The lack of common sense exhibited wouldn’t be such a bother if IDENTITY THIEF were actually amusing, but it just isn’t. Most of the jokes are very easy: Bateman does his “why my?” best when Sandy is mocked countless times because he has a “girl’s name” as if he knows the material is well beneath him, while McCarthy squeezes all she can out of pratfalls and countless profanity-laced barbs. Diana’s habit of punching people in the throat is given more than a couple scenes, because what’s funny once must be funny four or five times by IDENTITY THIEF’s measure. Even when it has a fun idea, the film misses the mark: since Diana is a natural-born liar, she finds more than a few occasions to invent on-the-spot identities for her and Sandy to sympathetic bystanders. Director Seth Gordon and screenwriter Craig Mazin might have gotten clever with this concept, provided their actors with something to dig into, but the potential is barely grazed.
Also worth mentioning: IDENTITY THIEF’s has a 111 minute running time; a meager comedy like this needs to be 95 minutes tops, and there is plenty the filmmakers could have cut. (In fact, they could have cut the entire contrived subplot about the bounty hunters on Diana’s trail, it adds absolutely zero.)

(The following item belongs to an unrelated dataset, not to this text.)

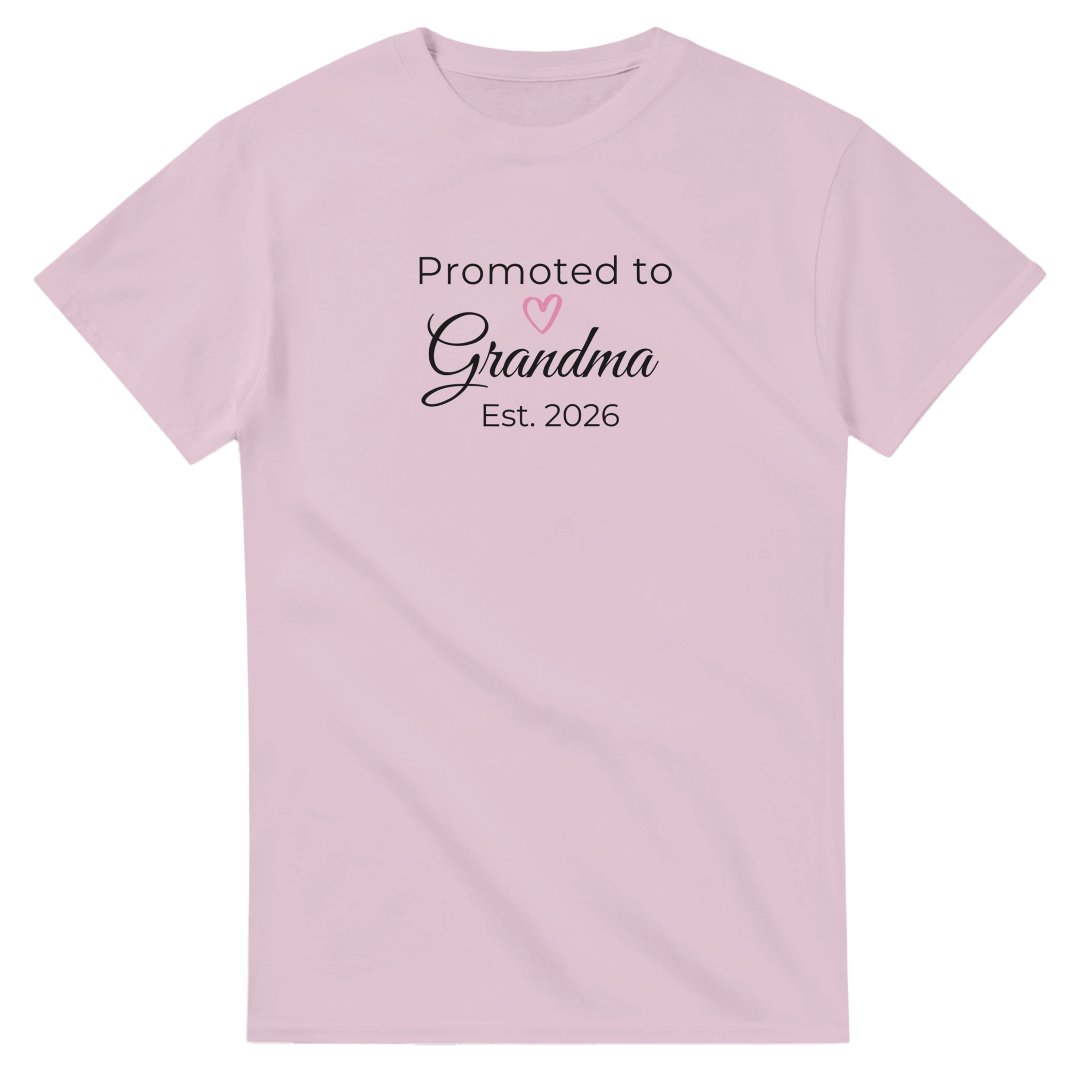 Promoted to Grandma Est. 2026 T-Shirt in blush pink with “Promoted to Grandma” text, heart icon, and “Est. 2026” design printed on the front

The film is obviously meant to benefit from the chemistry between Bateman and McCarthy, and the two actually do develop a rapport in spite of everything going against them. (I’m speaking of the actors, not the characters.) Late in the movie there comes a scene where we finally find out something meaningful about Diana: that she actually has no idea who she is; her family abandoned her as a baby, resulting in a self-made con-artist who can’t seem to decide on an actual identity. It’s a schmaltzy moment (again reminiscent of PLANES, TRAINS and AUTOMOBILES, when we finally learn the sad truth about Del Griffith), but McCarthy really nails it; you get why her star is on the rise and people enjoy her. In that one scene, she’s vulnerable and sweet, and as Bateman’s Sandy finally sees what’s behind the rancid persona Diana has crafted, we too see that McCarthy has a lovable side that should be made use of instead of this boorish cartoon she’s been playing thus far in the film.